Nella Sala 5 Lasciare libero il segno, Vedova si svela nell’esercizio del mestiere, nella preparazione dei grandi lavori, nella forza espressiva che anche le opere di piccole dimensioni – molte inedite – acquistano nel suo lavoro: lavori di compiuta, straordinaria vitalità che offrono la possibilità di studiare da vicino il suo processo creativo, l’esuberanza del segno, la simbologia dei colori.
Come se questo dolore fosse insopportabile è il titolo della Sala 6, che riporta il visitatore dentro quel “tragico esistenziale” che ha segnato tutto il percorso di Vedova.

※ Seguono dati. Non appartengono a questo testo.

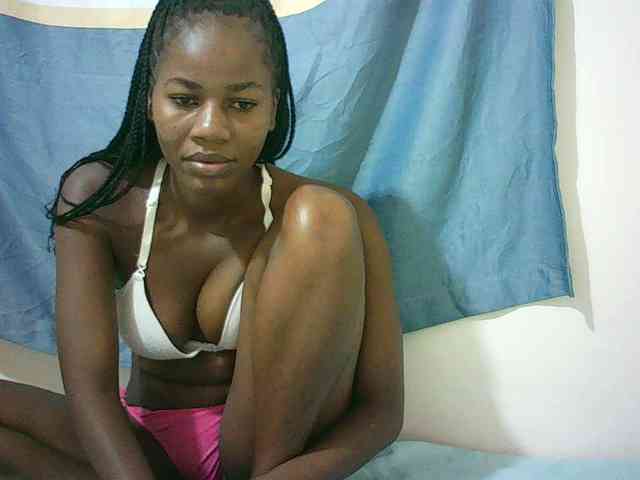 Sexyqueen2 webcam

Il tragico è una cifra sempre presente nel suo lavoro, che nasce da una sensibilità emotiva che, come carne viva, freme ad ogni contatto con il dramma della vita.

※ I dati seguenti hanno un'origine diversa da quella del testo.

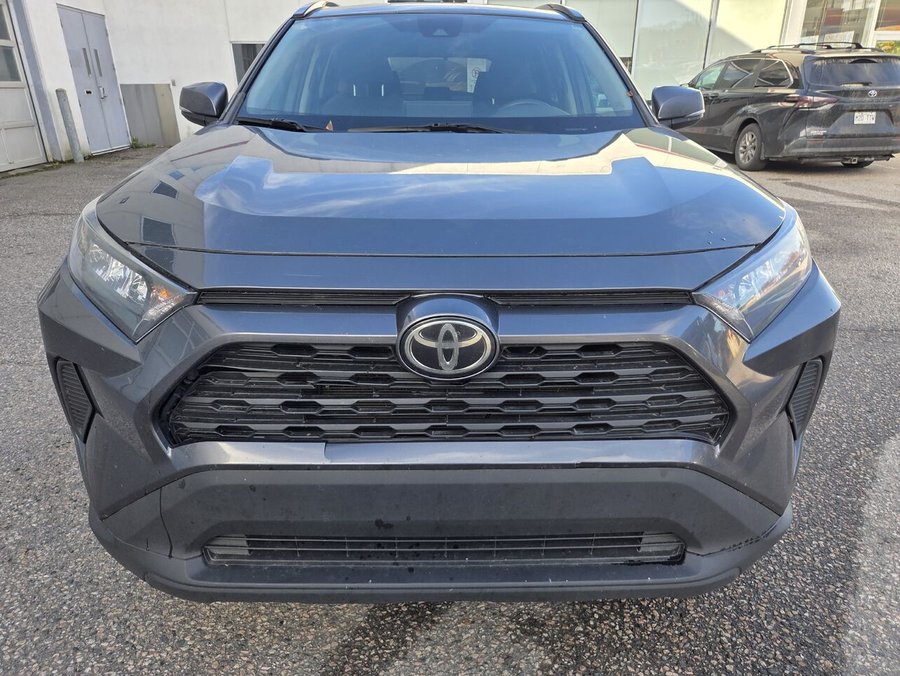 Toyota RAV4 LE LE 2021 Gris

Intitolata Vertigine Piranesi la Sala 7, accoglie il visitatore con tre opere magistrali dei primi anni Ottanta, dove la pittura si fa architettura di forme allucinate, urti della materia rosso sangue solcata da neri in netto contrasto, tagli e sporgenze, sciabolate di pasta cromatica che sembrano rievocare, in una subliminale esplorazione della memoria, le Carceri di Piranesi, un altro veneziano al pari suo aperto agli inganni della visione.
Circolare infinito è il titolo della Sala 8, tre grandi Tondi disallineati al centro della stanza mostrano, nell’impavido confronto con una delle più sacre forme geometriche della storia dell’arte, il cerchio appunto, l’irriverenza inquieta e geniale di un artista che ha sempre sfidato se stesso.
Nato a Venezia nel 1919, Emilio Vedova è stato un artista autodidatta, profondamente legato alla sua città e al fermento culturale del suo tempo. Antifascista e militante della Resistenza, ha sempre intrecciato la sua arte con un impegno civile appassionato. Le sue opere sono un’esplosione di forza, gesto e colore, che attraversano i confini della tela per invadere lo spazio. Ha sempre dimostrato una straordinaria capacità di trasformare il dramma e l’intensità della vita in arte.